Timeline: 6 to 8 weeks.

2. Laboratory phase

Description: Program of in vitro tests designed to better characterize the assets, reagents and assays in order to define the various control points.
Deliverables:

  • Define and characterize the Asset/Technology.
  • Create assays, reagents, and laboratory protocols for asset management.
  • The asset becomes controllable in R&D and manufacturing environments.
  • Risks to potential licensees/investors are reduced – asset value is enhanced.
  • Risk assessment/probability of success.

Next Step Options (Go/No Go gate):

  • License the asset.
  • Return to the discovery group for additional basic research.
  • Initiate preclinical/clinical animal studies.

Timeline: 9 to 12 weeks.

3. Clinical / Pre-clinical phase

Description: Perform animal studies in order to confirm the asset’s characteristics in a target or surrogate model.
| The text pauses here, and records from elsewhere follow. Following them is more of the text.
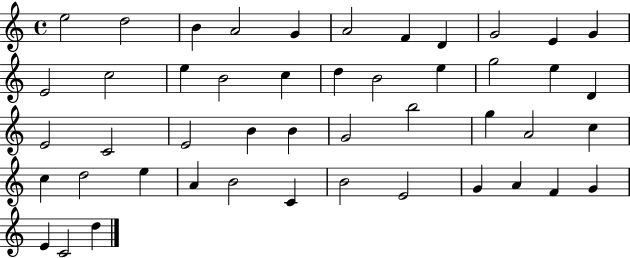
E5/h D5/h B4/q A4/h G4/q A4/h F4/q D4/q G4/h E4/q G4/q E4/h C5/h E5/q B4/h C5/q D5/q B4/h E5/q G5/h E5/q D4/q E4/h C4/h E4/h B4/q B4/q G4/h B5/h G5/q A4/h C5/q C5/q D5/h E5/q A4/q B4/h C4/q B4/h E4/h G4/q A4/q F4/q G4/q E4/q C4/h D5/q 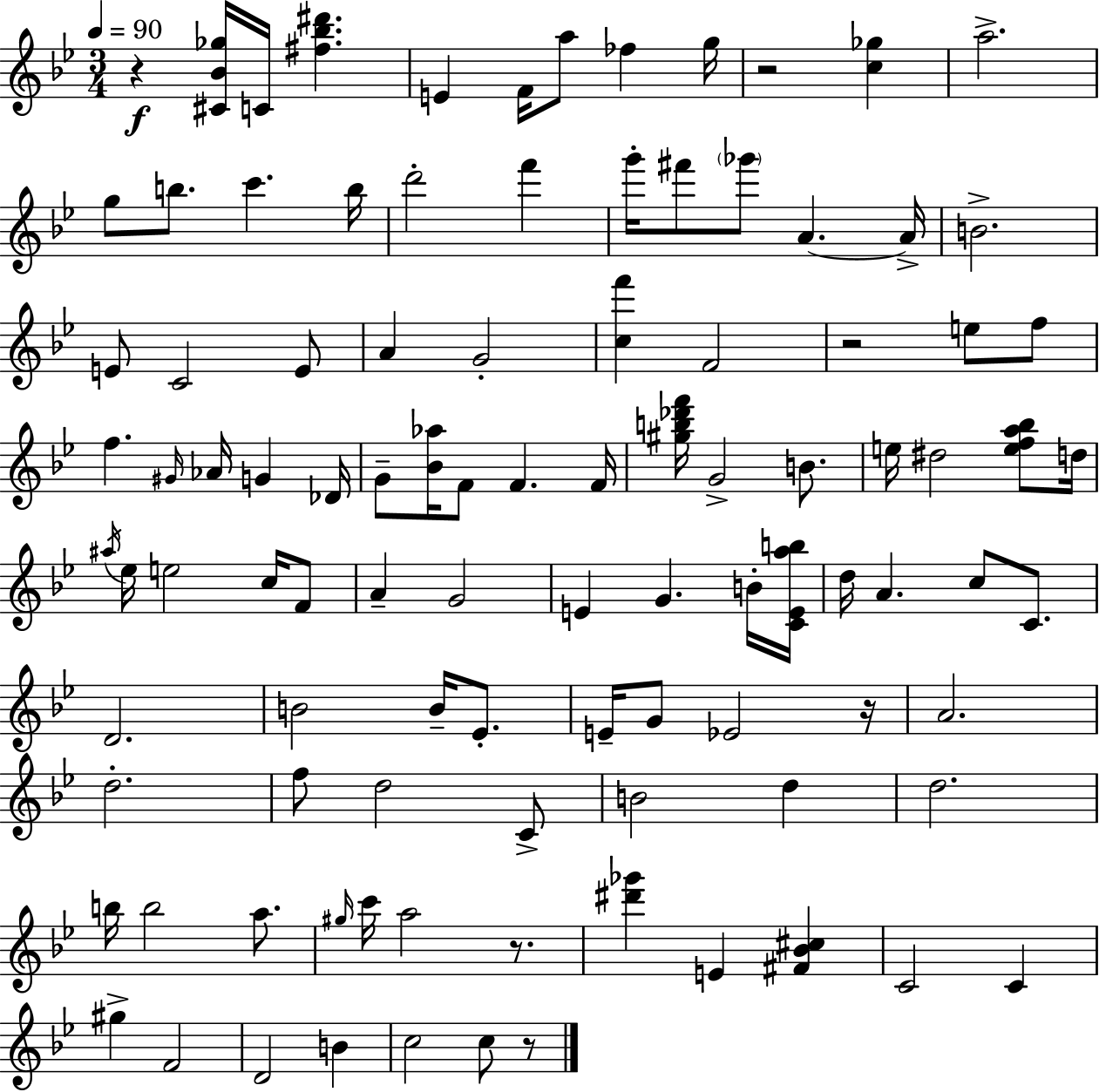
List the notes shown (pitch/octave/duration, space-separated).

R/q [C#4,Bb4,Gb5]/s C4/s [F#5,Bb5,D#6]/q. E4/q F4/s A5/e FES5/q G5/s R/h [C5,Gb5]/q A5/h. G5/e B5/e. C6/q. B5/s D6/h F6/q G6/s F#6/e Gb6/e A4/q. A4/s B4/h. E4/e C4/h E4/e A4/q G4/h [C5,F6]/q F4/h R/h E5/e F5/e F5/q. G#4/s Ab4/s G4/q Db4/s G4/e [Bb4,Ab5]/s F4/e F4/q. F4/s [G#5,B5,Db6,F6]/s G4/h B4/e. E5/s D#5/h [E5,F5,A5,Bb5]/e D5/s A#5/s Eb5/s E5/h C5/s F4/e A4/q G4/h E4/q G4/q. B4/s [C4,E4,A5,B5]/s D5/s A4/q. C5/e C4/e. D4/h. B4/h B4/s Eb4/e. E4/s G4/e Eb4/h R/s A4/h. D5/h. F5/e D5/h C4/e B4/h D5/q D5/h. B5/s B5/h A5/e. G#5/s C6/s A5/h R/e. [D#6,Gb6]/q E4/q [F#4,Bb4,C#5]/q C4/h C4/q G#5/q F4/h D4/h B4/q C5/h C5/e R/e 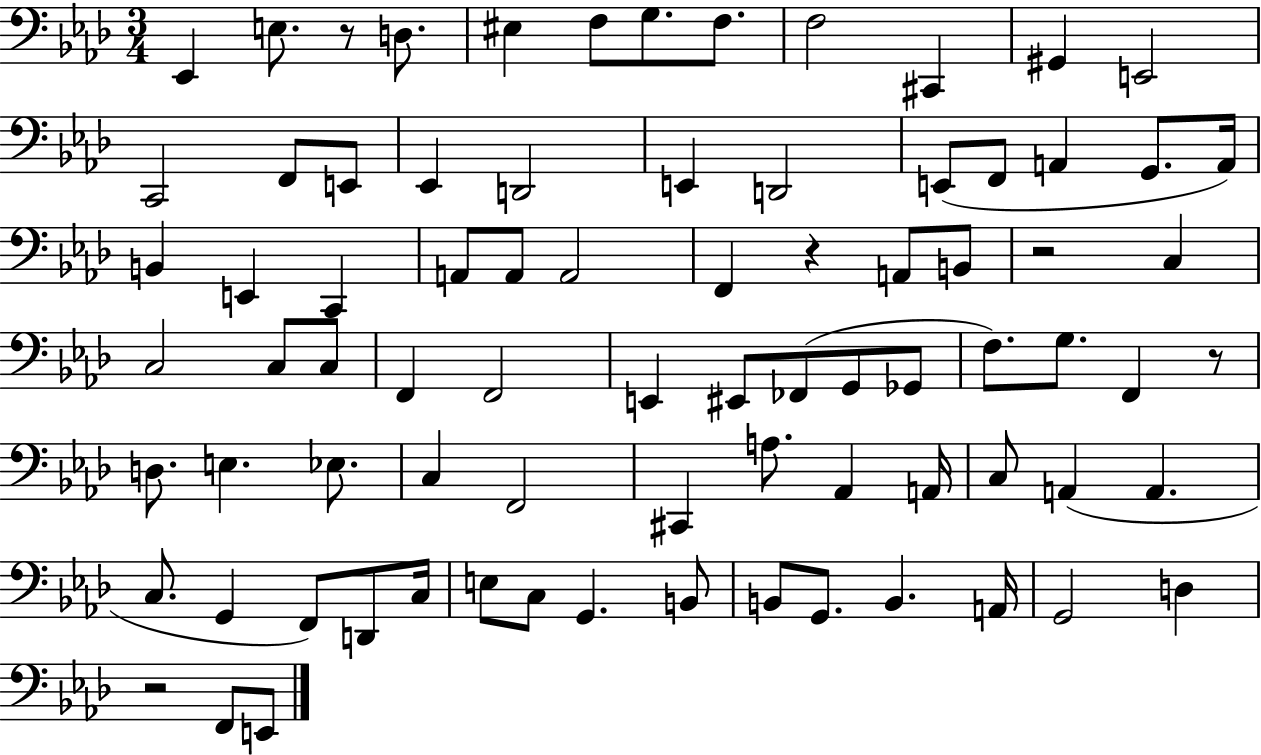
Eb2/q E3/e. R/e D3/e. EIS3/q F3/e G3/e. F3/e. F3/h C#2/q G#2/q E2/h C2/h F2/e E2/e Eb2/q D2/h E2/q D2/h E2/e F2/e A2/q G2/e. A2/s B2/q E2/q C2/q A2/e A2/e A2/h F2/q R/q A2/e B2/e R/h C3/q C3/h C3/e C3/e F2/q F2/h E2/q EIS2/e FES2/e G2/e Gb2/e F3/e. G3/e. F2/q R/e D3/e. E3/q. Eb3/e. C3/q F2/h C#2/q A3/e. Ab2/q A2/s C3/e A2/q A2/q. C3/e. G2/q F2/e D2/e C3/s E3/e C3/e G2/q. B2/e B2/e G2/e. B2/q. A2/s G2/h D3/q R/h F2/e E2/e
The objective is for the asset to become predictable in terms of future development timelines and amenable to accurate financial modeling.
Deliverables:

  • Establish Clinical Models in Target or Surrogate Species.
  • Conduct 1 to 3 clinical studies with scientific design.
  • Establish clinical models in target or surrogate species.
  • Determine protocols and parameters as a basis for registration studies.
  • Enhance the value of the asset for the licensee/investor.
  • Risk assessment.

Next Step Options (Go/No Go gate):

  • Terminate work.
  • License the asset.
  • Develop a product application.

Timeline: 9 to 12 weeks.

The Results of the Model

Completion of the 3-step process yields a well-characterized asset whose value is clear and supported by confirmatory laboratory and clinical data. The holder of the asset now has the information necessary to initiate a full development path.